These latest transfer agreements replace the old EU SCCs upon which businesses have needed to rely previously to comply with the requirements under article 46 of the UK GDPR. This is to provide appropriate safeguards for personal data transferred from the UK to countries which are not covered by the UK’s adequacy regulations.
However, don’t panic if you have been using the old SCCs for your data needs. Fortunately, there is no immediate rush to transition to the new documentation. There’s a grace period, so the old SCCs are still valid (for the UK only) until 21 September 2022.
Be mindful though that all transfers based on the old SCCs must be transitioned to the IDTA or Addendum by 21 March 2024. However, just to complicate things there is another deadline. This is for organisations subject to both the EU GDPR and the UK GDPR looking to harmonise their contractual approach to restricted transfers and achieve efficiencies by doing everything in one hit.

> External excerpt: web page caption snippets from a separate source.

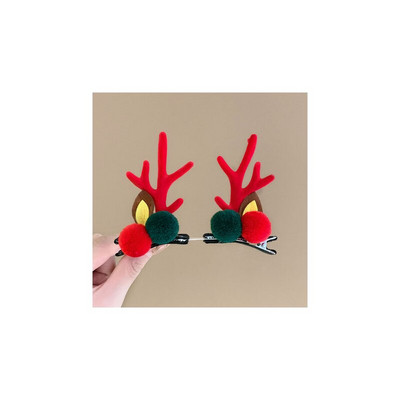 Χριστουγεννιάτικη Διακόσμηση Κοριτσάκι Παιδικό Κεφαλόδεσμο 2τμχ Noel Kerst Κόκκινα Κέρατα Καμπάνα Χριστουγεννιάτικα Αξεσουάρ μαλλιών Γυναικεία Δώρο Διακόσμηση σπιτιού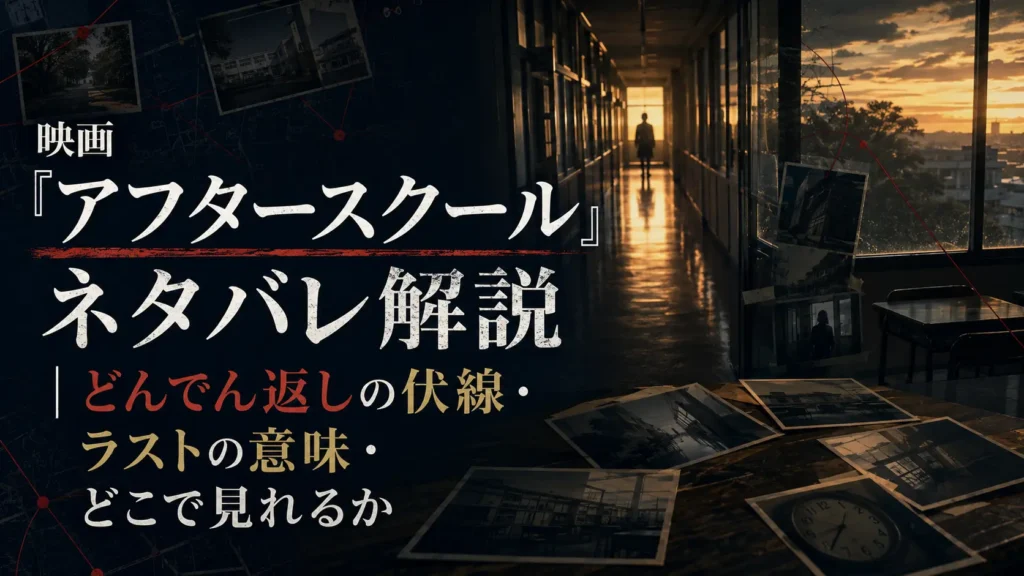 映画『アフタースクール』のネタバレ解説記事用アイキャッチ画像。どんでん返しの伏線、ラストの意味、どこで見れるかを紹介するシネマティックでミステリアスなビジュアル。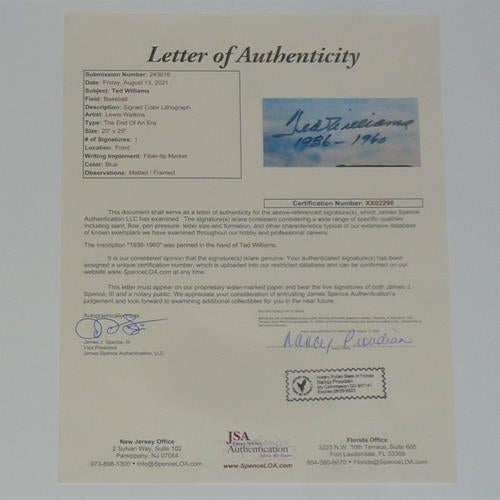 Ted Williams Autographed Boston Red Sox Deluxe Framed Artwork w/ "1936-1960" - The End of An Era - JSA Full Letter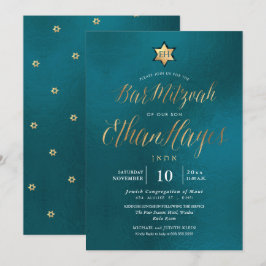 PixDezines Minimalistische Blauwgroen Bar Mitzvah, Kaart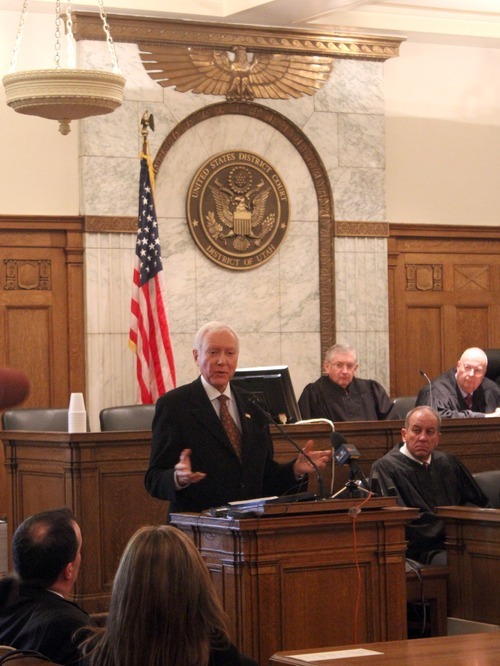 Rick Egan  | The Salt Lake Tribune 

Senator Orrin Hatch speaks during the investiture ceremony for David B. Barlow, as the new United States Attorney, in Judge Benson's courtroom in the Frank E. Moss U.S. Courthouse, Friday, December 9, 2011.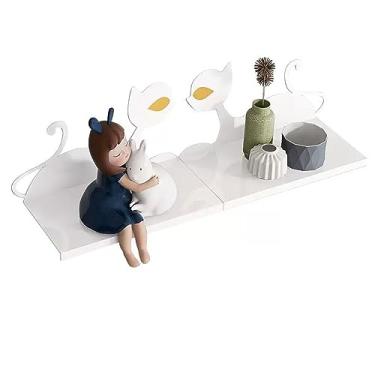 Imagem de Prateleiras flutuantes de metal para montagem na parede, prateleira de armazenamento de metal de desenho animado, prateleira de parede, prateleira suspensa para sala de estar, quarto, banheiro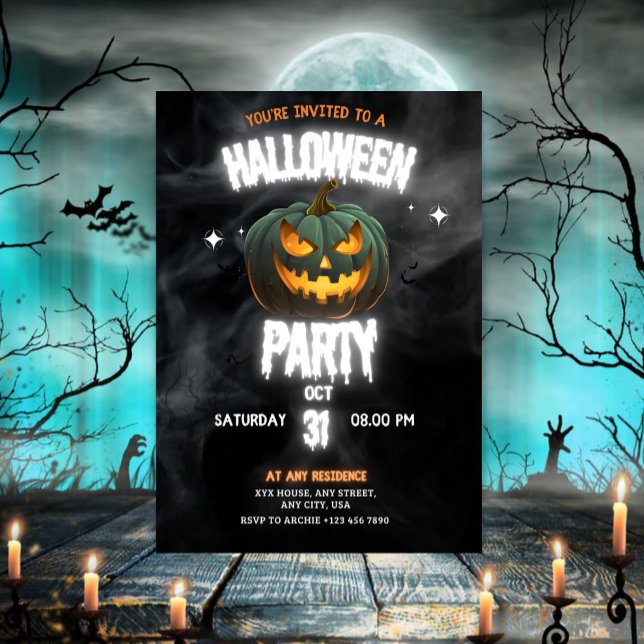 Invitation Fête d'Halloween à la citrouille lumineuse  (Créateur téléchargé)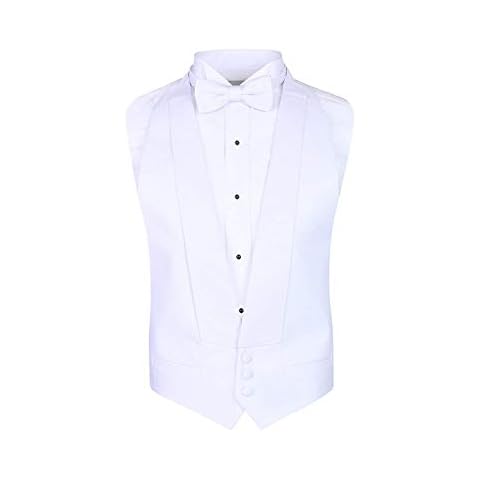 S.H. Churchill & Co. White Pique Vest & Pre Tied Bow Tie - (FITALL, White) Cover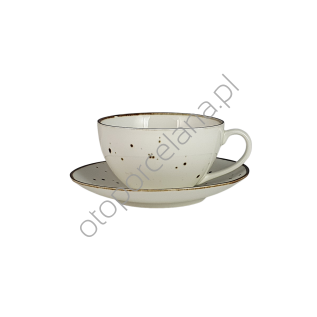 COTTAGE CREAM FILIŻANKA JUMBO ZE SPODKIEM 450 ml - Alumina Bogucice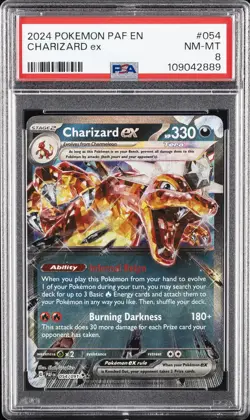2024 POKEMON PAF EN-PALDEAN FATES #054 CHARIZARD EX PSA 8 - Image 1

The time limit is the 27th December 2022 under the EU GDPR for transitioning legacy arrangements to the new EU SCCs. Whilst there may be specific circumstances where it is appropriate, we would query why, regardless of the grace period, an organisation would use the old SCCs, when the IDTA and Addendum are available.

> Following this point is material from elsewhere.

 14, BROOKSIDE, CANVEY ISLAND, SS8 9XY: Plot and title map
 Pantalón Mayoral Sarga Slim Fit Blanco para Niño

Let’s be clear. In circumstances where you use these new transfer agreements, you will still need to undertake a risk-based assessment of the law in the relevant non-adequate third country and consider whether any additional safeguards are required to protect personal data.
So, when can you transfer personal data to a third country outside the UK? Controllers and processors subject to UK GDPR can do this when:
• An adequacy decision exists in relation to that country.

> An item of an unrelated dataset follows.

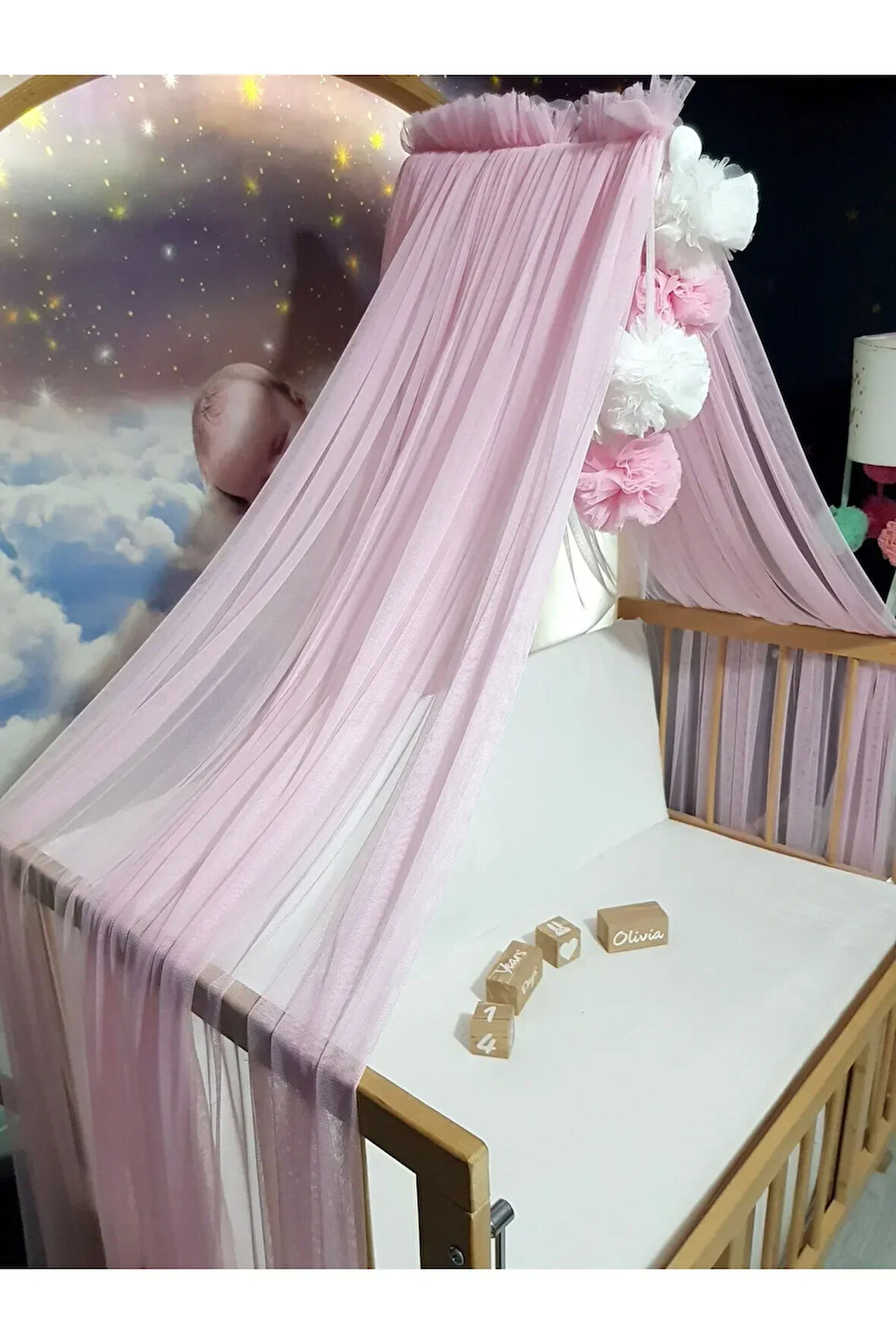 Bebek Lüks Cibinlik Takımı - Açık Pembe ve Beyaz Dört Ponponlu - 6 Metre Likra Tül (Aparat Dahil)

• A suitable derogation exists which covers the circumstances of the transfer (e.g., occasional transfer for a number of limited purposes or where the data subject has given explicit, informed consent to the transfer).
• An appropriate safeguarding mechanism is used, such as SCC or binding corporate rules, which helps to ensure that UK standards of personal data protection travel with the data. When the European Commission (EC) published the old SCC, it approved them for use in the EU which included, at that time, the UK.
The good news is that personal data can be freely transferred between the UK and EEA because the UK has recognised the EEA, and – for the time being at least – the EC has reciprocated to the UK as having adequacy meaning equivalent levels of data protection.